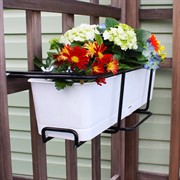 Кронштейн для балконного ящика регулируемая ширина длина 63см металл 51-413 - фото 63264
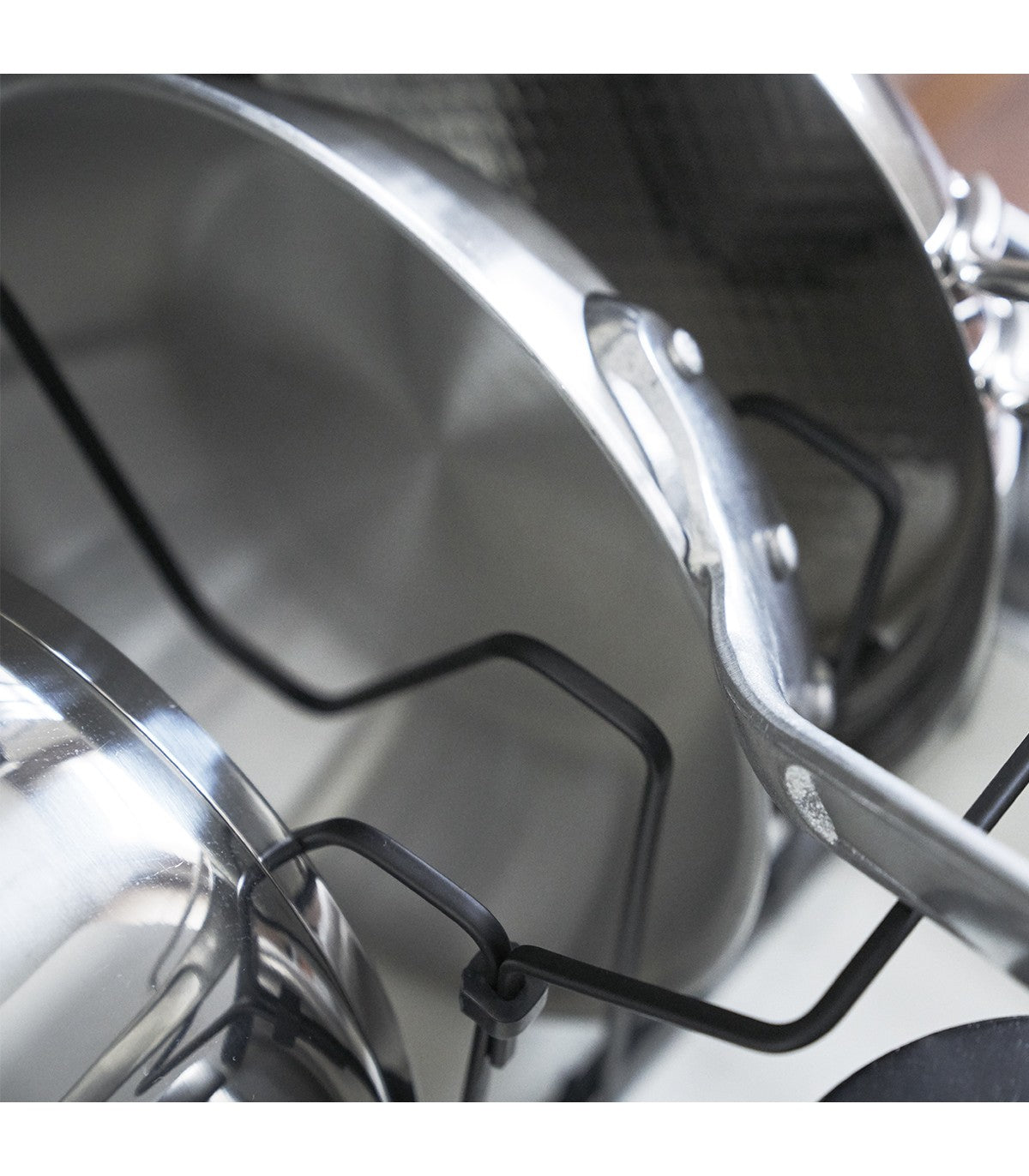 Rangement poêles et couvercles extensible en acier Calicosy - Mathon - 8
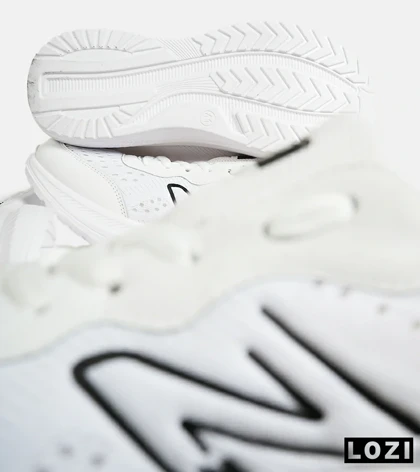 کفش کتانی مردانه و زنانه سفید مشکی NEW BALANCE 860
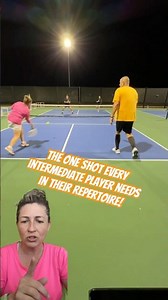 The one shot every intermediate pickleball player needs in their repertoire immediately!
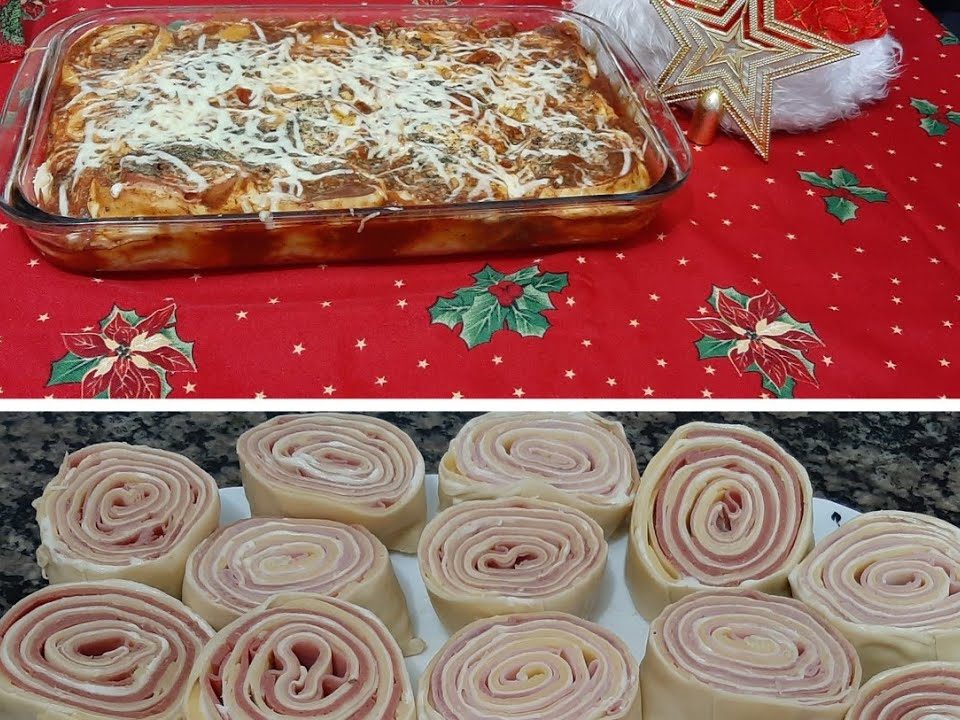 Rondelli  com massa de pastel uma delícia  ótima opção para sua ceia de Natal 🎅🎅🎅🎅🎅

____

Line by line, retype the records above exactly, minus the images.

 Кронштейн для балконного ящика регулируемая ширина длина 63см металл 51-413 - фото 63264
 Rangement poêles et couvercles extensible en acier Calicosy - Mathon - 8
 کفش کتانی مردانه و زنانه سفید مشکی NEW BALANCE 860
 The one shot every intermediate pickleball player needs in their repertoire immediately!
 Rondelli  com massa de pastel uma delícia  ótima opção para sua ceia de Natal 🎅🎅🎅🎅🎅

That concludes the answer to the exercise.